[[ AVAILABLE DATA, beginning ]]
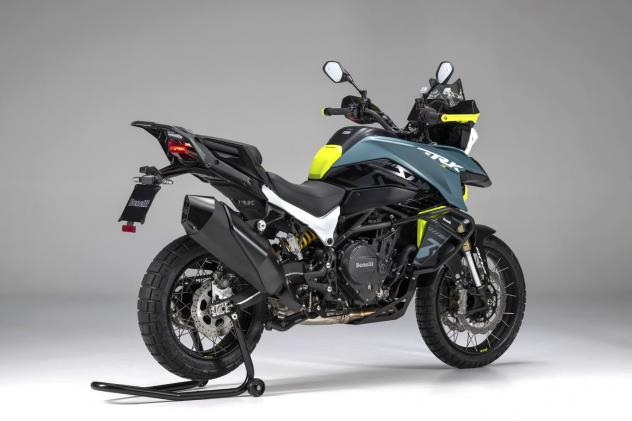 Benelli TRK 902 Xplorer - Foto 4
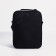 Male bag, luris, black color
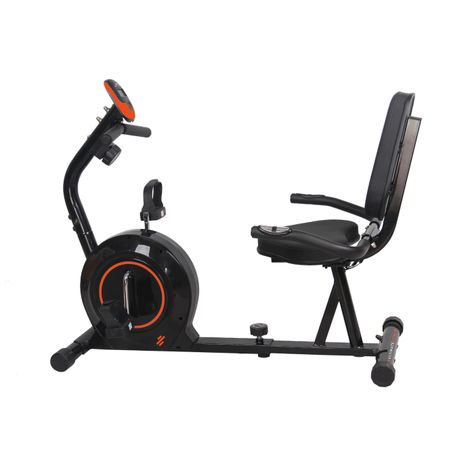 Bicicleta Estática R200 Pro Magnética-0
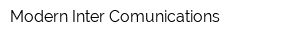 Modern Inter Comunications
[[ AVAILABLE DATA, end ]]
**TASK TO COMPLETE**: Give every line of the data above again as it stands; the pictures stay out.

**RESULT BELOW**:
 Benelli TRK 902 Xplorer - Foto 4
 Male bag, luris, black color
 Bicicleta Estática R200 Pro Magnética-0
 Modern Inter Comunications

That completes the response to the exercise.